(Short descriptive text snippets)
Segment Open

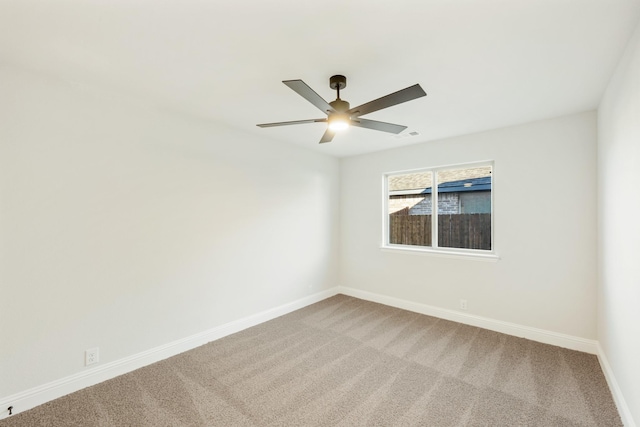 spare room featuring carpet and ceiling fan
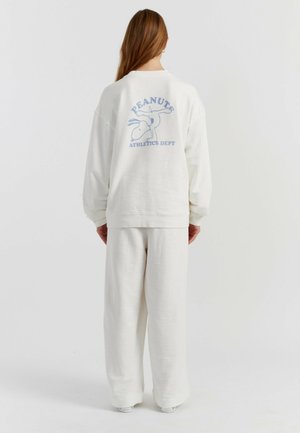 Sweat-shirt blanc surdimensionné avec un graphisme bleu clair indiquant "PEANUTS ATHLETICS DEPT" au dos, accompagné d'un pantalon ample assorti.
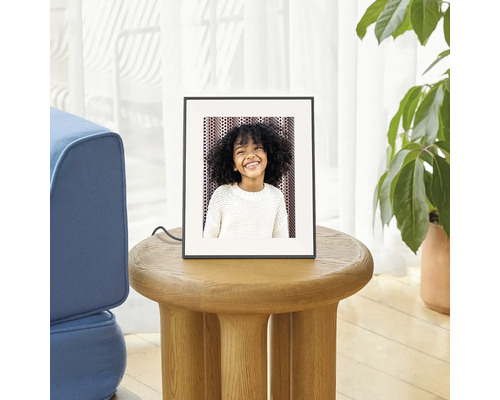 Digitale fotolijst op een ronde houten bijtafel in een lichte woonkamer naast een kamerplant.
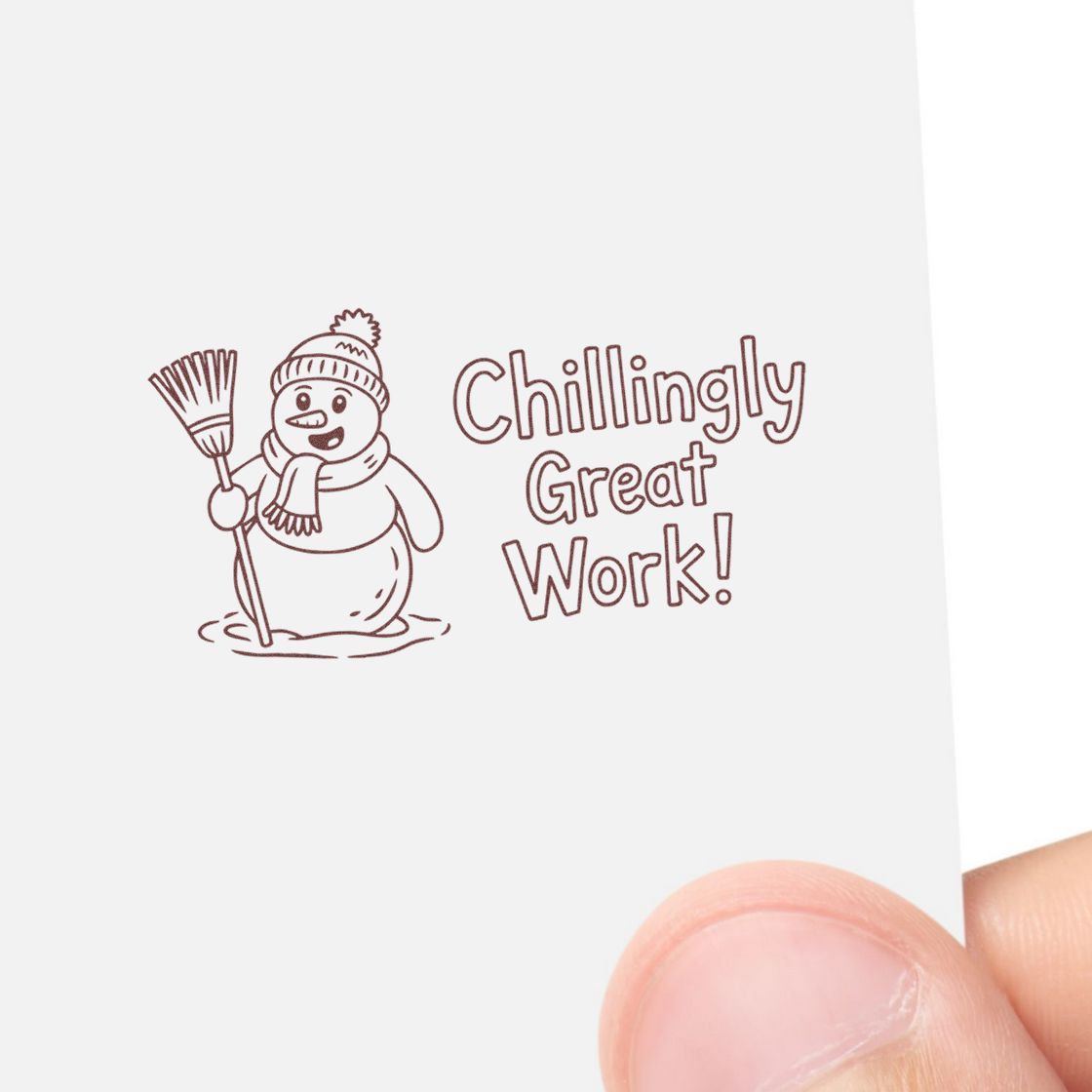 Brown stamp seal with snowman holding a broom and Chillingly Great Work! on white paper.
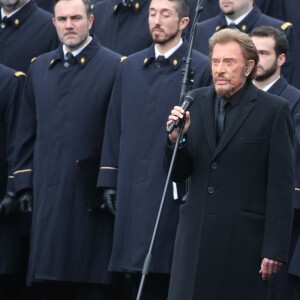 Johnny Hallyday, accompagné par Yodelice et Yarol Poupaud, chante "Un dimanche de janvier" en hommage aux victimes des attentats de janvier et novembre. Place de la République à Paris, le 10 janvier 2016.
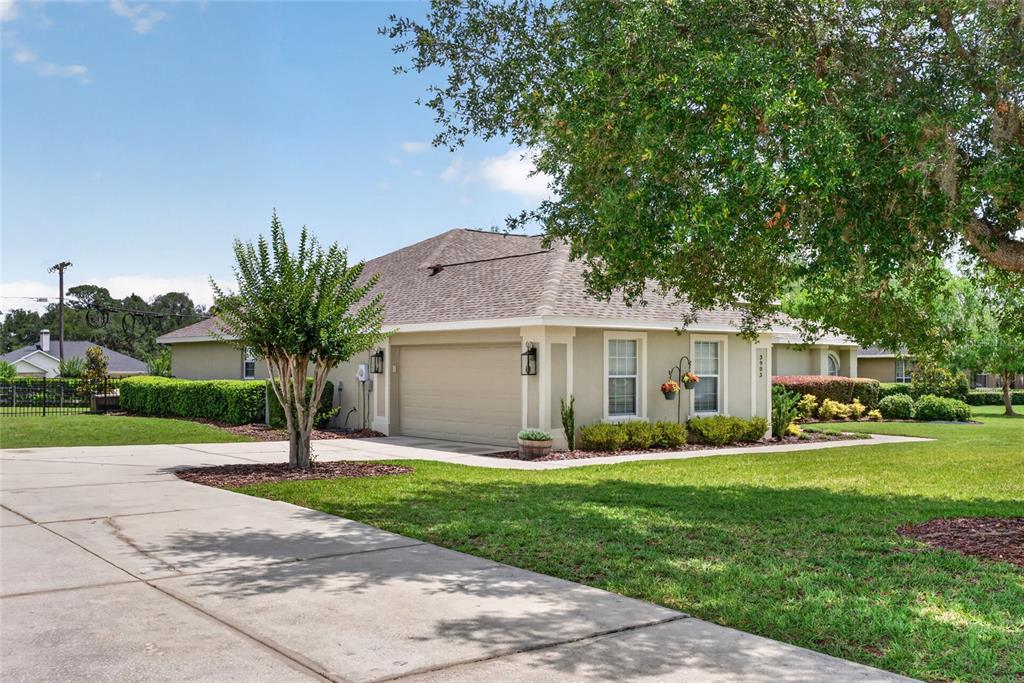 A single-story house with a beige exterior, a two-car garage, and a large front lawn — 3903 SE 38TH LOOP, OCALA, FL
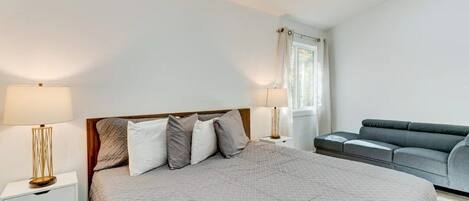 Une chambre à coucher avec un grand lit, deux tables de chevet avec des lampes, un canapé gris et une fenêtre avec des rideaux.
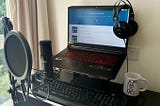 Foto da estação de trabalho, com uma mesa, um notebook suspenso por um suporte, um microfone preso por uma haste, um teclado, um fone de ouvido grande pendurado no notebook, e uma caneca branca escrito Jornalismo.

Segment Closed

Task to complete:
Reproduce the lines from the one with "Johnny Hallyday, accompagné" through the end of the data, keeping both end lines, adding nothing, and dropping any pictures.

Solution for this task:
 Johnny Hallyday, accompagné par Yodelice et Yarol Poupaud, chante "Un dimanche de janvier" en hommage aux victimes des attentats de janvier et novembre. Place de la République à Paris, le 10 janvier 2016.
 A single-story house with a beige exterior, a two-car garage, and a large front lawn — 3903 SE 38TH LOOP, OCALA, FL
 Une chambre à coucher avec un grand lit, deux tables de chevet avec des lampes, un canapé gris et une fenêtre avec des rideaux.
 Foto da estação de trabalho, com uma mesa, um notebook suspenso por um suporte, um microfone preso por uma haste, um teclado, um fone de ouvido grande pendurado no notebook, e uma caneca branca escrito Jornalismo.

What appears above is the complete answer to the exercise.